A commenter made the following statements. My responses follow each point:
a) I want New Zealand to be tolerant .. the separation of the state and church is one of the fundamental parts of the Enlightenment. You may not like it, but it is. The state has essentially forced its views of religion onto others, and that is unacceptable.
- The state has not forced it views onto anybody. It is merely acknowledging the existence of a Deity whose holy Laws we can only aspire to. If anything, the converse would be more accurate: the established secular orthodoxy responds with hostility to anything that challenges its absolutist claims. As discussed in the above post on Western Civilization, the problem with the logical extension of the secular Enlightenment is that its proponents take things too far. They fail to recognise the Christian foundations of our culture, and think that any reference to religion should be removed from public life. Frankly I think this is inhuman. Public life, while not aggressively religious, should neither be aggressively atheistic. Remove the cult, and our culture loses its way. “Where there is no revelation, the people cast off restraint” (Somewhere in the bible). Now that Enlightenment humanists have captured education, government, and the media, Christianity is derided. People have turned to paganism to fill their natural thirst for God.
b) You need to look at the Universal Declaration of Human Rights (1948), article 2.
- Jean-Philippe Feldman writes:
It might seem provocative or inconsistent to criticize the Universal Declaration of Human Rights of December 10, 1948. Its detractors, whether they be Marxists or Conservatives have fallen into discredit. Notwithstanding, Hayek has courageously tried to criticize this constructivist piece whose impossible goal was to unite rights in the liberal tradition with those pertaining to the Marxist conception. Hayek shows that the new rights which are proclaimed in this fashion cannot be translated into juridical constraints without destroying forthwith the liberal order cherished by traditional rights: the Universal Declaration of Human Rights is one of the tools which enhances the depreciation of Law and, by the way, the annihilation of Freedom. This text has flourished thanks to its prestige and to the ignorance of those who have employed it. Its unique merit is to deserve oblivion.

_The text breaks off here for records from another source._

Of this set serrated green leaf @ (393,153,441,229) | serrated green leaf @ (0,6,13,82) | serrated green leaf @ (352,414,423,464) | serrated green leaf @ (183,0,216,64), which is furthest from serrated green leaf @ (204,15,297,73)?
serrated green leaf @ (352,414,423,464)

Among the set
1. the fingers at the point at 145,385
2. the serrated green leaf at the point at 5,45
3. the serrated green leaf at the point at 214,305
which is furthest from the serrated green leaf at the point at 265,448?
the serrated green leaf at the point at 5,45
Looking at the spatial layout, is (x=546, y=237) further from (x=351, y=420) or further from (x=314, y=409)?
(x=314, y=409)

c) The enlightenment has proved Christianity to be wrong on a number of fronts (evolution, the world being round, the impossibility of a supernatural being). Why should it be the centre of our society? Why should I be forced into following Christian festivals? Or do you only extend rights to Christians
- Voltaire, your Enlightenment comrade, said: “If God did not exist, it would be necessary to invent Him“
- Evolution does not preclude the existence of God. Evolution challenged the preconceptions of the established worldview. Nowadays the scientific “no divine intervention” assumption, has been extended to assert soulless materialism in every aspect of life, and tear down any claim to transcendent values such as Right and Wrong. The existence of God is by no means a settled debate in philosophy. The life and resurrection of Jesus Christ is the most thoroughly attested event in human history (manuscript, inductive, historical), exceeding the evidence for Winston Churchill for example. The Catholic position of “theistic evolution” offers a coherent synthesis between Christianity and Science.

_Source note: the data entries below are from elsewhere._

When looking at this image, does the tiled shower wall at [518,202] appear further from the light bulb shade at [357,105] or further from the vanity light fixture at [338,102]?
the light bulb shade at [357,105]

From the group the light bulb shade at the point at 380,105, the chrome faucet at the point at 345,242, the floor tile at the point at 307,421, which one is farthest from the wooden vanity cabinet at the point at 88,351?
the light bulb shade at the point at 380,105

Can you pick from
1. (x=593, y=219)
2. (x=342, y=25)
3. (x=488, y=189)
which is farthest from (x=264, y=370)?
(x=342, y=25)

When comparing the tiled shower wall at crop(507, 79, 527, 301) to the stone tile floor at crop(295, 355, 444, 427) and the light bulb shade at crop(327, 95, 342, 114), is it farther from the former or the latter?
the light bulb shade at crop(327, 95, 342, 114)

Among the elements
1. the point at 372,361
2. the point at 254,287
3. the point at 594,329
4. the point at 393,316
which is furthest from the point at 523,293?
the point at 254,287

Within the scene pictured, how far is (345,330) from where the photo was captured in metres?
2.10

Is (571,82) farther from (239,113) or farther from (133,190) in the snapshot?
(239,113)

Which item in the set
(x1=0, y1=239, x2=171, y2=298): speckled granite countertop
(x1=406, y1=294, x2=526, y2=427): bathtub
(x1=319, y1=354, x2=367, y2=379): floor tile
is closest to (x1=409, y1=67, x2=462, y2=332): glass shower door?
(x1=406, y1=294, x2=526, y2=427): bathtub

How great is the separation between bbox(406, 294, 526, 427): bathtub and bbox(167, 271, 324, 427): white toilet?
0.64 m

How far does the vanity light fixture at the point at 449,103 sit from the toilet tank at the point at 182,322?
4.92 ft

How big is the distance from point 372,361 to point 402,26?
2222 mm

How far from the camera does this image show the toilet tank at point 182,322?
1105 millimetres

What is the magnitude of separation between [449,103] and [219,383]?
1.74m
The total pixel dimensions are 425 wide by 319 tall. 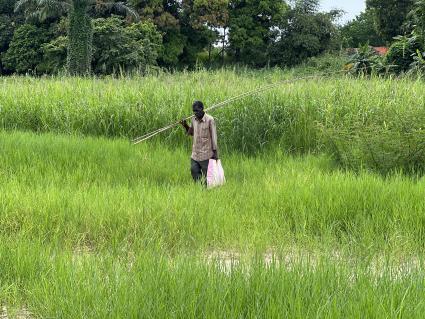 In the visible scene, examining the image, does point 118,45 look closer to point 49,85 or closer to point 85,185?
point 49,85

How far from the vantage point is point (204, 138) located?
6957 mm

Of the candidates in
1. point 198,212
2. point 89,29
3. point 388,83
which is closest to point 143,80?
point 388,83

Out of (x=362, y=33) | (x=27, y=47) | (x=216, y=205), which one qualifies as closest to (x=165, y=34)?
(x=27, y=47)

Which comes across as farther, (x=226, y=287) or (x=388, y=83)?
(x=388, y=83)

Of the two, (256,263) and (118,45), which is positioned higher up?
(118,45)

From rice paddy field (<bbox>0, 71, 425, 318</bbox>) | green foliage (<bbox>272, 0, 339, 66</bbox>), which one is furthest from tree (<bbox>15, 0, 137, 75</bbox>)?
green foliage (<bbox>272, 0, 339, 66</bbox>)

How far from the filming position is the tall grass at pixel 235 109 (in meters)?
8.94

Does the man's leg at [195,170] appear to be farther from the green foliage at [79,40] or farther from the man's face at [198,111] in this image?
the green foliage at [79,40]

- Before decrying Christianity as a publicly accepted faith, advocates of Atheism and Socialism would be wise to examine the outcomes of their philosophy: the bloodsoaked killing fields of WW2 Europe, the purges of Stalinist Russia, and the revolutionary tragedies of Communist China or Cambodia.
- Samuel Silver, Chairman, Toward Tradition, writes:
After the fall of Nazism and Communism, the secular fundamentalists focused primarily on post-Christian Europe and American academia, turning both into hotbeds of anti-religious bigotry and virulent anti-Semitism. These self-proclaimed progressives espouse diversity, but are in fact very close-minded and hostile to all political, cultural, and especially religious opinions with which they disagree.
Over a century ago, Rabbi Samson Raphael Hirsch anticipated modern secular fundamentalism with prophetic precision:
It is now no longer enough for the apostate to be able to live undisturbed according to his convictions, as he calls them; to him there is no well-being and no peace as long as his convictions have not become the only ones recognized as right and valid. He sees in the Law an intellectual slavery from which it is the Godly task of a second Moses to redeem his unfortunate brothers. In Torah-loyalty, he sees superstition, backwardness, and at the same time a calamity which is to blame for all the miseries of the past. He sees in liberation from the yoke of the Law a goal so high and so humanitarian that every means which seems capable of bringing about progress toward this great goal must be employed. He has reached the stage of waging fanatical campaigns of persecution against those loyal to the Law.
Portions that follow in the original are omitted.